* **Task details**: Tell how many lines in the data below include the word "with". The answer is the number only.

* **Data below**:
■ ■ ■ ■ ■

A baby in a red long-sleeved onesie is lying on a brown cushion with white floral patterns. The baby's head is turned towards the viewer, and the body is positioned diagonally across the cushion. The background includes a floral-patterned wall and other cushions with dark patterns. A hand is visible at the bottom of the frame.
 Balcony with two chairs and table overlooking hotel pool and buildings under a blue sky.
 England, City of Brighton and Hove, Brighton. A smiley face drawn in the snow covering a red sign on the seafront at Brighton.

■ ■ ■ ■ ■

* **Answer area**: 2